Les « parens qui le négligent, » c’est d’abord Ernest-Auguste, à qui la neutralité avait réussi et qui vivait tranquille et heureux dans son évêché, plus occupé du passage des canards sauvages que de celui des soldats français : « Ernest-Auguste se divertit à la chasse, annonçait sa femme, et moi, je travaille à des meubles… Jusqu’à cette heure, tout ce qui appartient à Ernest-Auguste a été fort respecté[2]. »

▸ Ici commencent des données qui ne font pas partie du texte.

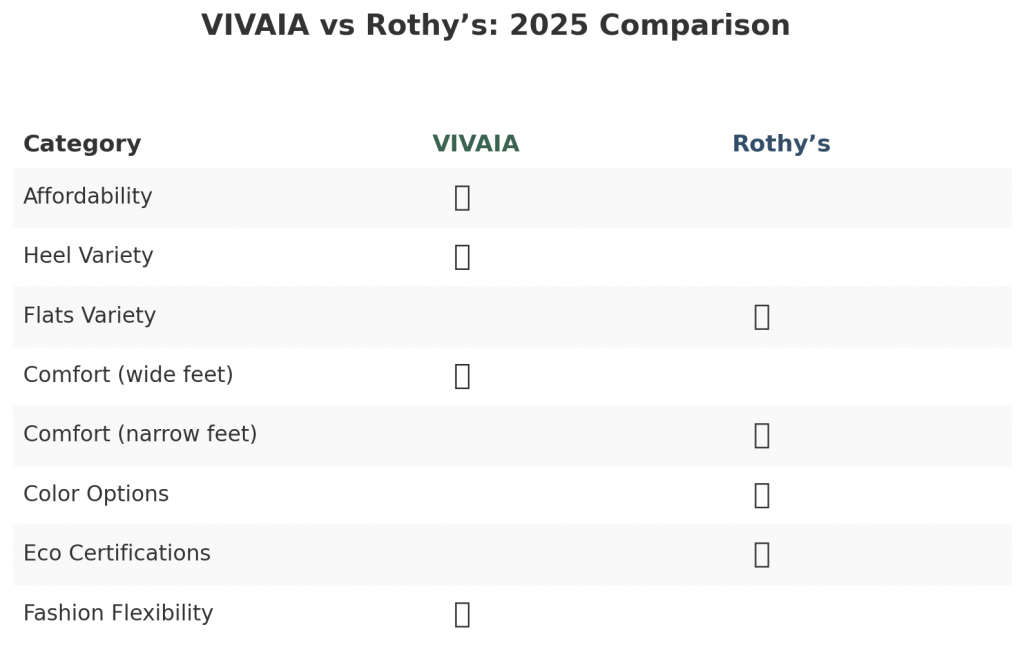 VIVAIA vs Rothy's comparison 2025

C’est aussi, c’est surtout Liselotte, dont la conduite décevait et irritait l’Electeur. Qu’avait-elle fait pour lui depuis son mariage ? Rien. Elle était continuellement avec le Roi, et pas une fois elle n’avait glissé un mot utile, provoqué un conseil salutaire. Il semblait que ce fût un parti pris. La duchesse Sophie s’étonnait aussi de la trouver si peu secourable. Mieux renseignés sur Louis XIV, le frère et la sœur auraient compris la réserve de Madame. Le Roi n’entendait pas que les femmes se mêlassent d’affaires. Il avait gardé un trop mauvais souvenir de leur entrée tapageuse dans la politique au temps de sa jeunesse, alors que le bataillon des Frondeuses poussait à la guerre civile pour le plaisir, pour avoir des aventures. Louis XIV était capable de faire des exceptions ; il en avait fait une pour sa première belle-sœur, et Mme de Maintenon en sera une autre ; mais il n’avait pas de raison d’en faire pour la seconde Madame, qui ne comprenait goutte à aucune espèce d’affaire, et ne s’en cachait pas. Liselotte aurait été très mal venue à se montrer curieuse

  1. Le traité est du 18 mai 1674.
  2. A Charles-Louis, lettres du 7 novembre 1674 et du 19 juin 1675.